Search code examples
pythonpython-3.xscikit-learncountvectorizer

How to get column sum in the matrix returned by sklearn count vectorizer?


How to get the sum of any given column in the term frequency matrix returned by sklearn CountVectorizer?

import pandas as pd
from sklearn.feature_extraction.text import CountVectorizer
vectorizer = CountVectorizer()

corpus = [ 'This is a sentence',
           'Another sentence is here',
           'Wait for another sentence',
           'The sentence is coming',
           'The sentence has come'
         ]

x = vectorizer.fit_transform(corpus)

For example I want to find out the frequency of sentence in the matrix. So I want the sum of the sentence column.
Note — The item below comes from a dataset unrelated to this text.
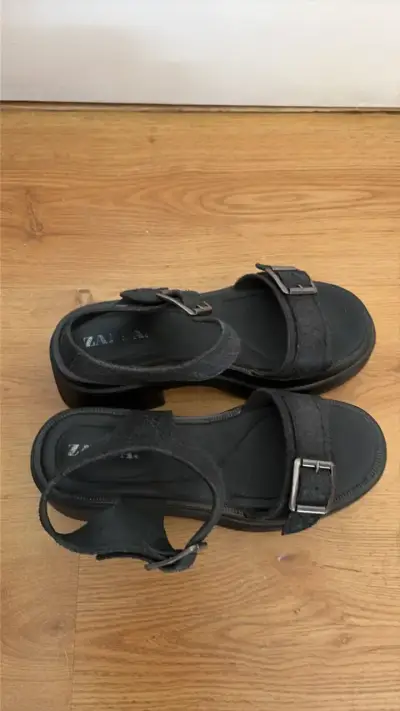 Sandalias negras con hebillas ajustables - miniatura 2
I couldn't figure out a way to do this:

  • For example I tried x['sentence'].sum() but that didn't help
  • I also tried converting this to a pandas dataframe and computing the sum, but I shouldn't need to convert this matrix to a dataframe.

Solution

  • You can try the following:

    1. Get the position of your term in the feature_names() list from CountVectorizer.
    2. Use the position to sum all that column in the CSR matrix (x, in your case).

    Code:

    import numpy as np
    
    term_to_sum = 'sentence'    
    index_term = vectorizer.get_feature_names().index(term_to_sum)
    
    s = np.sum(x[:, index_term])  # here you get the sum